All Light, Everywhere

P R I M E U R
Sortie
Vendredi 11 juin 2021

SUCCINCTEMENT.
Alors que les technologies de surveillance deviennent incontournables dans la vie quotidienne, le film interroge la complexité d’un point de vue objectif, sondant les biais inhérents à la perception humaine.

CRITIQUE.

★★★ ½

texte
Élie Castiel

Le regard camouflé

À la rigueur, on pourrait choisir un autre adjectif dans le titre de notre article, mais selon la thèse de Theo Anthony, le regard, à chaque moment, change selon notre perception des choses. Proposition d’autant plus judicieuse qu’elle englobe toute une série de démonstrations sur la notion d’objectivité.

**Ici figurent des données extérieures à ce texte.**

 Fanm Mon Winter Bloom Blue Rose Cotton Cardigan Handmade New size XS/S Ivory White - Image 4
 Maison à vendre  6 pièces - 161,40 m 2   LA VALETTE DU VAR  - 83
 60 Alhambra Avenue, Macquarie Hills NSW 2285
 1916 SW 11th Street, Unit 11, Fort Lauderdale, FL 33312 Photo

Voir ce qu’on a envie de voir. Sentir les choses en accord avec nos convictions. Pour dialoguer avec le spectateur, Anthony signe après Rat Film (2016), son premier long métrage documentaire, un essai où la complexité s’allie aux écrits de trois grands noms de la pensée pour élucider sa thèse : William Blake, poète et intellectuel du 18e siècle; Donna Haraway, professeure en Histoire de l’inconscient, au Département d’études féministes de l’Université de Californie ; et Frederick Douglass, à l’avant-garde de l’abolitionnisme, homme de lettres afro-américain, très vite affranchi de son ancien statut de sous-privilégié.

Dans le premier chapitre, « As the eye, such the object / L’objet, tel que le voit l’œil nu » introduit la proposition selon des mots de Blake.

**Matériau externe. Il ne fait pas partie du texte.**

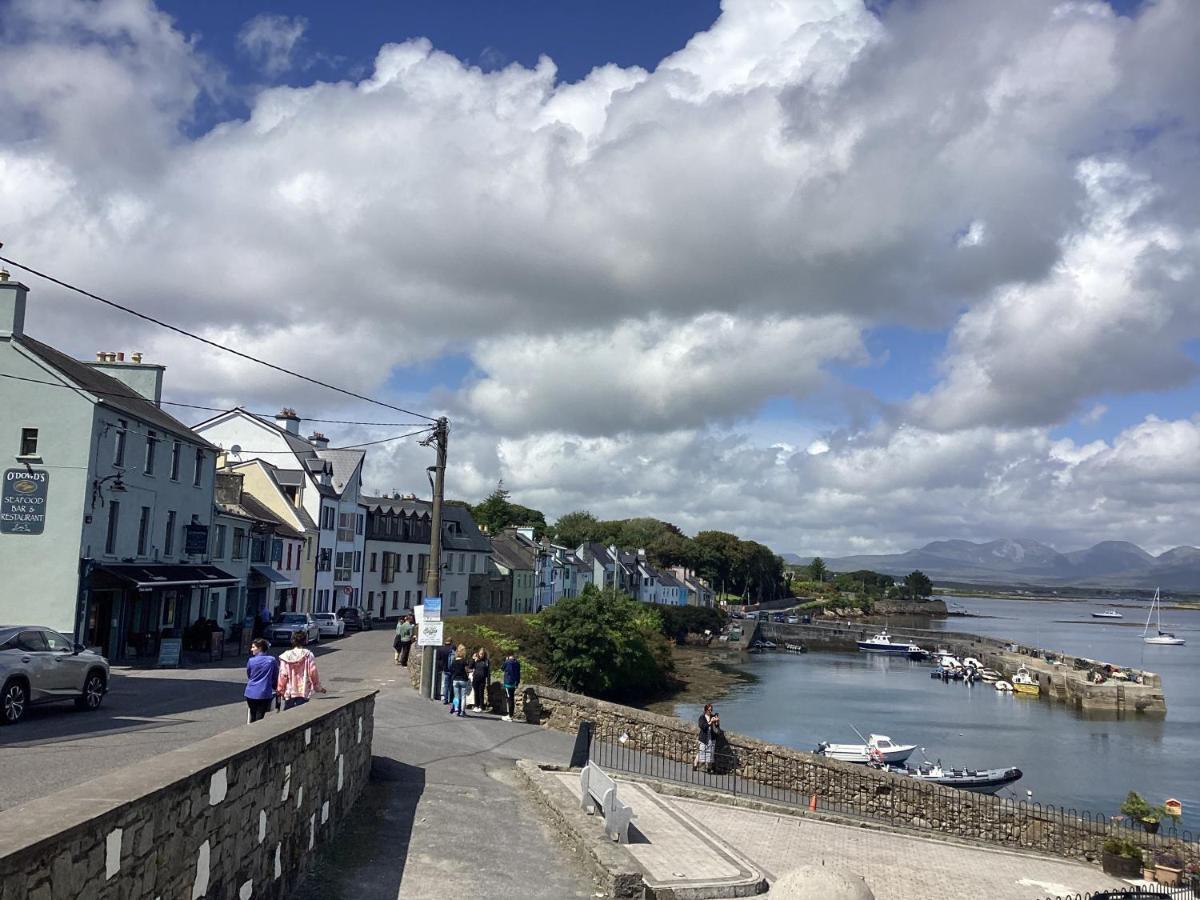 Roundstone Retreats Quayside Luxury Apt Exteriör bild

Suivi de « What is a science where the self is held intact? » / Qu’est-ce qu’une science où le moi est maintenu intact » – Haraway. Persistence of Vision. Une entrée surprenante à l’intérieur de Axon Enterprise, Inc., une société spécialisée dans les appareils de sécurité individuels non létaux. Détient aussi la plus grande part dans la  fabrication des controversés Taser. Colonne vertébrale du film qui se situe, sans vraiment le montrer, à l’orée des récents évènements chez nos voisins du sud, remettant la question à l’ordre du jour.

[ Le film ] soulève la question de savoir que devient le cinéma.
Doit-il muter vers quelque chose proche de notre inconscient?

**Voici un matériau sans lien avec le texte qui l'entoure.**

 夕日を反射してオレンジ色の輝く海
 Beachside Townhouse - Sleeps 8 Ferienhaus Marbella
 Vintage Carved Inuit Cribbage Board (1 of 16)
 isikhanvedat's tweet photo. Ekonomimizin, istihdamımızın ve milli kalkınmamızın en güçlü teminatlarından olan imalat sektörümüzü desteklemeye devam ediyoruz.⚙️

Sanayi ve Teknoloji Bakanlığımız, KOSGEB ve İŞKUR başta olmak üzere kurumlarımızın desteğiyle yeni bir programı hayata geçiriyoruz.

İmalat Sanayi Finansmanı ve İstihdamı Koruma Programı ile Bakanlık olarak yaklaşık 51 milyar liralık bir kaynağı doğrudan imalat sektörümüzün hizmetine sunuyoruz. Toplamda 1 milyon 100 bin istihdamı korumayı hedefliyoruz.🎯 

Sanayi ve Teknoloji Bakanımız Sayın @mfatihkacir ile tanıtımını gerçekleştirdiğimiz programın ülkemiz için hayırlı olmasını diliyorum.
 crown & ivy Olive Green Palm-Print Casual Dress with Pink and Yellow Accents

Et finalement « We all feel that there is something more that the curtain has not yet been lifted. There is a prophet within us, forever whispering that behind the seen lies the immeasurable unseen » / Nous avons tous le sentiment qu’il y a quelque chose de caché derrière le rideau. En chacun de nous, ce cache sans doute un prophète, chuchotant sans cesse que derrière le vu se cache l’incommensurable imperceptible. – Douglass. Age of Pictures. C’est sur le terrain, dans la formation des policiers que le film braque son objectif. Les femmes semblent plus impressionnées, les hommes, les plus vieux, s’en balancent ou font semblant.

Qu’importe, ces trois formes de mise en scène sont la preuve que le documentaire d’enquête social peut prendre plusieurs formes à la fois, tout en mesurant son impact sur les individus. Theo Anthony étonne, pousse à la réflexion et plus que tous conçoit le cinéma comme un abécédaire de conscientisation. D’où cette approche parfois philosophique (au passage, on cite, par exemple, le Français, l’incontournable Henri Bergson), la philosophie comme science du savoir.La diction de Keaver Brenai, narratrice, est claire, mais le ton monotone, en parfait accord avec la musique, dommage, omniprésente, de Dan Deacon, également de Rat Film. Quelques images en silence auraient produit un meilleur effet.

Voir ce qu’on a envie de voir. Sentir les choses en accord avec nos convictions. Pour dialoguer avec le spectateur, Anthony signe après Rat Film (2016), son premier long métrage documentaire, un essai où la complexité s’allie aux écrits de trois grands noms de la pensée pour élucider sa thèse

Reste cependant un brillant essai sur les images en mouvement qui, dans la quatrième partie, « Épilogue », soulève ingénieusement la question de savoir que devient le cinéma. Doit-il muter vers quelque chose proche de notre inconscient, imprévisible, surprenante, multiple ou, au contraire, poursuivre avec acharnement son chemin sécuritaire et douillet. Même si c’est au prix d’une dissimulation de la réalité.

FICHE TECHNIQUE PARTIELLE
Réalisation
Theo Anthony

Scénario
Theo Anthony

Direction photo
Corey Hughes

Montage
Theo Anthony

Musique
Dan Deacon

Le directeur photo et le réalisateur
Moment pendant le tournage.

Genre(s)
Documentaire

Origine(s)
États-Unis

Année : 2021 – Durée : 1 h 49 min

Langue(s)
V.o. : anglais

All Light, Everywhere

Dist. [ Contact ] @
Entract Films

Classement
Tous publics

En salle(s) @
Cinéma du Parc

ÉTOILES FILANTES
★★★★★ Exceptionnel. ★★★★ Très Bon. ★★★ Bon.
★★ Moyen. Mauvais. 0 Nul.
½ [ Entre-deux-cotes ]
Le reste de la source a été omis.